48 Alabama counties allow same-sex marriage


CW / Claire Whorton

Elizabeth Elkin

As of 11 a.m. Wednesday, according to the Human Rights Campaign, 48 of 67 counties are issuing same-sex marriage licenses. Eleven counties are not issuing licenses to same-sex couples, and 6 counties are refusing to issue any couple regardless if orientation. Two counties were slated to begin issuing licenses on Feb. 16 but did not.

Wednesday morning, HRC, a civil rights organization working towards equality for lesbian, gay, bisexual and transgender Americans, submitted a petition with more than 28,000 signatures to the Alabama Judicial Committee in Montgomery encouraging an ethics investigation of Alabama Chief Justice Roy Moore.

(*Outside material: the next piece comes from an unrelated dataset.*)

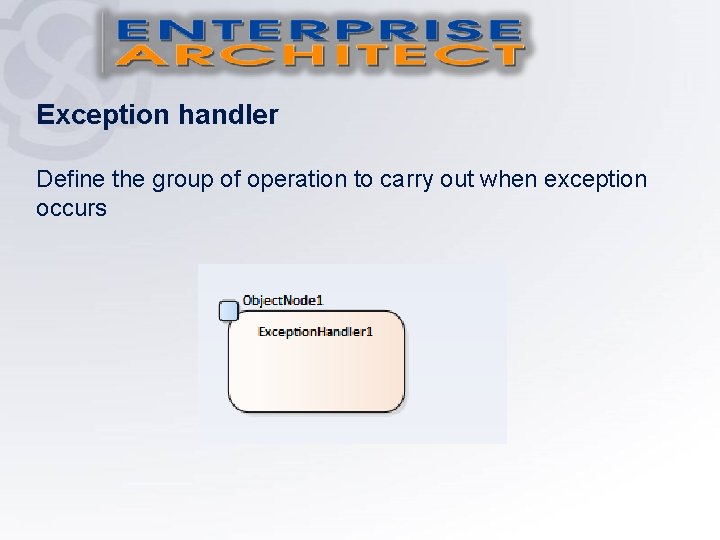 Exception handler Define the group of operation to carry out when exception occurs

“Chief Justice Roy Moore issued a letter to probate judges urging them to not issue marriage licenses to same-sex couples,” said Ashley Jackson, state director of HRC Alabama. “There was a complaint asking for investigation because that was not something that he should have been doing.”

The petition was posted approximately two weeks ago on the HRC website for supporters to sign.

“We encouraged people to sign the petition and stand in solidarity with the LGBT and allies in Alabama,” Jackson said.

Tuscaloosa is among the counties issuing marriage licenses to 
all couples.

“Personally I am of the opinion that marriage has historically been a religion-based institution, and I believe that it should remain between a man and a woman,” said TJ Kory, a freshman majoring in finance. “As far as rights, however, our country has always prided itself on equality. I think that there should be a legal bond, such as a civil union, which would afford couples legal rights regardless of gender, and that this should be kept separate from the 
institution of marriage.”

Ryan Richardson, a sophomore majoring in theater, said he is a supporter of same-sex marriage.

“From a religious standpoint, I do understand why gay marriage is frowned upon,” he said. “However, from my own personal opinion, I don’t believe it is right to deny someone their right to marry 
whoever they love. Love is love.”

Luke Knight, president of Spectrum, a student group for LGBTQ and their allies, expressed confidence in the direction same-sex marriage in Alabama 
is heading.

“The number of counties that are refusing to grant licenses is steadily shrinking, and I do not think those counties will be able to hold out against marriage for much longer,” he said. “It seems to me that the state and the counties are not in a position to continue refusing to issue licenses contrary to the ruling of a federal judge.”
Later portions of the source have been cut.